Jamie Lynn Spears, 21, is engaged again, this time to Jamie Watson, 30

I had kind of forgotten about Britney Spears’ little sister Jamie Lynn Spears. Did you know that Jamie is only 21 years old? Crazy, right? It feels like she was a teenage mother a decade ago, but Jamie’s daughter Maddie is only 4 years old right now (I think Maddie turns 5 in a few weeks though). When Jamie got pregnant in 2007, she was the star of a Nickelodeon show and best known for being Brit-Brit’s little sister. The Spears family quickly moved Jamie back to Louisiana to have the baby, and from what little I know about her, I think Jamie has been living quietly in Louisiana all this time. She was with Maddie’s father, Casey Aldridge, until 2010. Since then she’s been with Jamie Watson, who is currently 30 years old. Jamie Lynn just announced her second engagement!

Here comes the bride! It looks like there’s going to be a wedding in the Spears family after all — Britney’s little sister, Jamie Lynn, is engaged to her boyfriend of three years, Jamie Watson.

Spears, 21, announced the happy news on Twitter, with an Instagram picture of herself flashing the ring and hugging her fiance, 30. “Guesssss what??????” she captioned the sweet shot.

Minutes later, she posted another photo: a close-up of the huge, round-cut diamond. “He did good,” she wrote, with a smiley-faced emoticon.
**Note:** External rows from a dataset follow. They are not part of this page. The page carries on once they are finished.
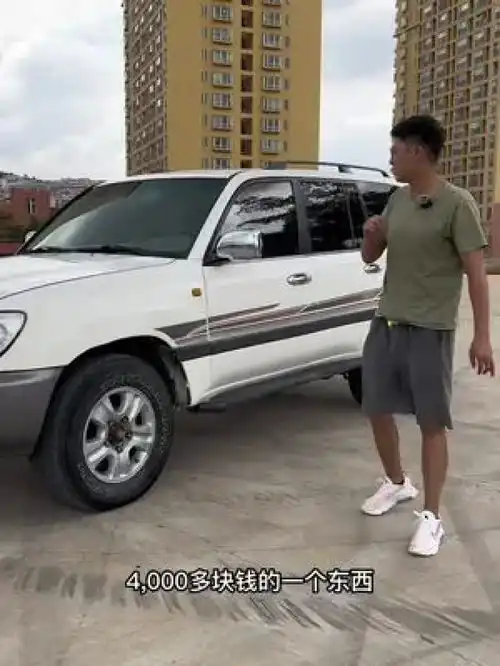 硬派越野爱越野爱生活经典情怀老车男人的梦想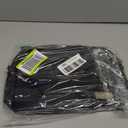 Modern+Chic Crossbody Bags for Women - Alice Crossbody Purse, Vegan Leather Sling Bag with Ultra Roomy Interior and Pockets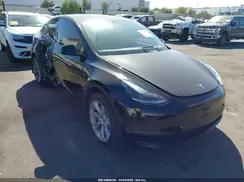 7SAYGAEE9PF853455 2023 TESLA MODEL Y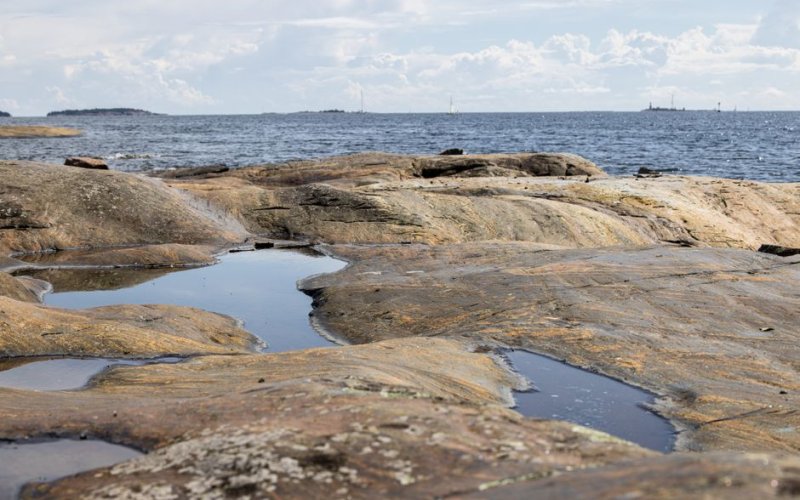 Helsinki and the South Coast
This will be the first marriage for the former Nickelodeon star. She was previously engaged to Casey Aldridge, the father of her 4-year-old daughter, Maddie. They split for good in 2010.

Spears’ engagement comes just two months after news of her older sister’s broken engagement. Britney, 31 — married twice before, to pal Jason Alexander and ex Kevin Federline, with whom she has two kids — was set to wed boyfriend Jason Trawick until the couple’s January 2013 split.

[From Us Weekly]

My mind is particularly warped right now because I spent the weekend curled up with The Purity Myth by Jessica Valenti – it’s a book about how damaging and counter-productive all of the “no sex education” programs are and how fetishizing teenage girls’ virginity is simply wrong, and all I can think about now is how different Jamie Lynn’s life could have been. Still, I’m sure she adores her daughter and I think it’s probably a good sign that we rarely hear about her and she’s living a relatively quiet life. My one negative comment: I’m sketched out by the age difference (21 versus 30 is a BIG deal) and by how much older Jamie Watson LOOKS. Also: Jamie and Jamie? And Jamie Lynn’s dad is named Jamie too. I just… can’t.

Her ring is simple and pretty:

Photos courtesy of Jamie Lynn’s Instagram.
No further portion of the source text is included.